Is Your Marriage at Risk of Financial Infidelity?

financial infidelity

More and more marriages are ending in divorce due to financial infidelity. Although the phrase is new, the problem isn’t. Couples have always fought about finances. Money issues are one of the leading reasons for divorce. It’s just the language that’s new. However, this new language is powerful. Could your marriage be at risk?

What is Financial Infidelity?

Of course, infidelity means that you are cheating on your spouse. Therefore, financial infidelity means that you’re cheating on your spouse with money. Of course, you aren’t having an affair with money. So then what is financial infidelity? Put simply, it means that you’re lying to partner about something related to your shared finances.

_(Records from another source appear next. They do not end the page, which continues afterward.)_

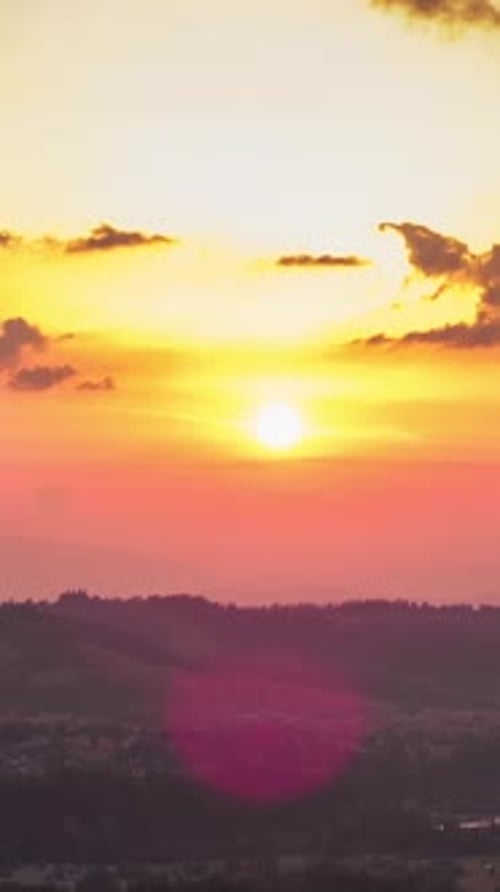 Une femme caucasienne court le long du remblai, vue inhabituelle filmée sur un Drone FPV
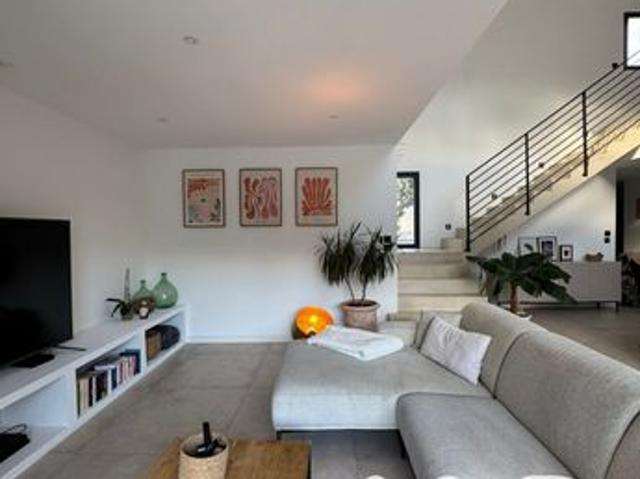 Maison 3 pièces 130 m²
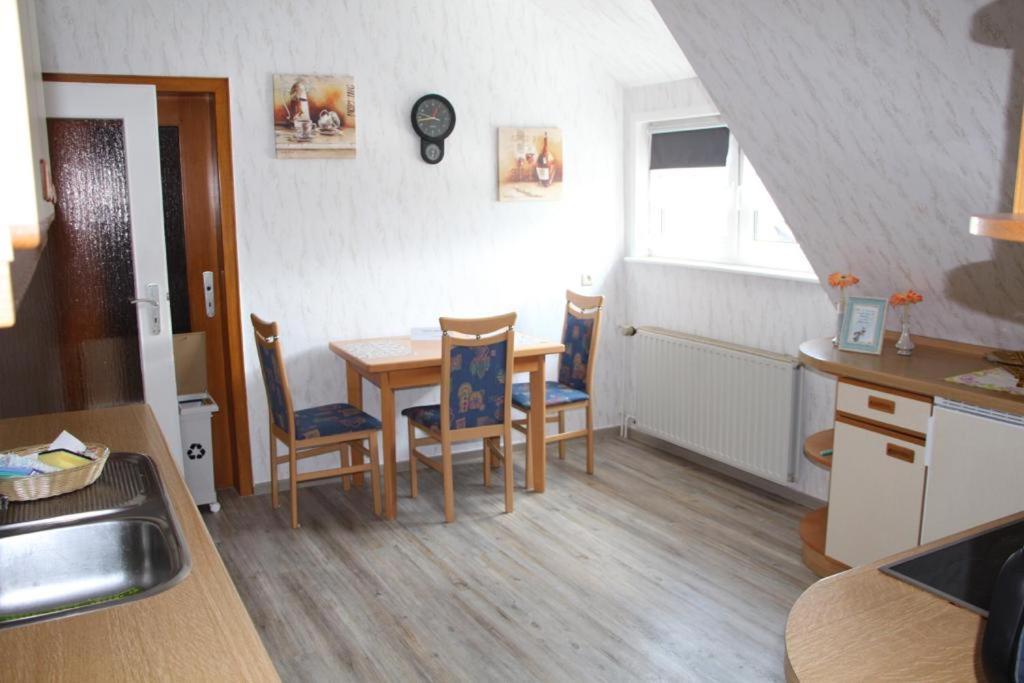 Ferienwohnung Schmetterling Trendelburg Ngoại thất bức ảnh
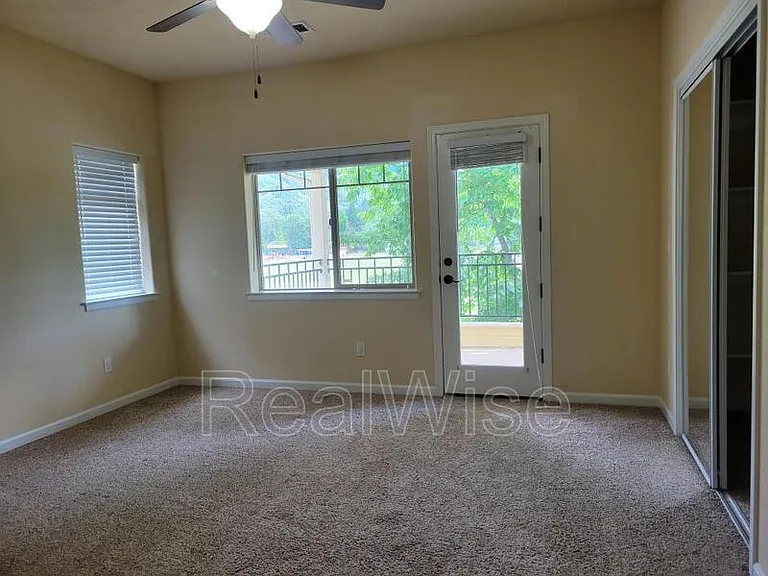 1789 SE Hill Park Pl — Photo 9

Examples of Financial Infidelity

Right now I’m reading Kathy Curto’s memoir Not for Nothing. She shares little vignettes about her mid-century childhood. Her father worked. Her mother was a housewife. Their relationship was tumultuous. In one vignette, Curto shares several ways that her mother squirrels money away. For example, she writes a check at the grocery store for more than the amount of groceries. She tells her husband she spent it all on groceries but keeps the cash back for herself.

Likewise, I know many women in the crafting community who don’t tell their husbands when they buy more craft supplies. It would cause a fight. They don’t want to deal with the fight. So they spend the money, hide their “stash” and never mention it to their spouse. These types of things are common. And yet, they are examples of financial infidelity.

What’s the Line? Do You Have to Tell Your Spouse Everything?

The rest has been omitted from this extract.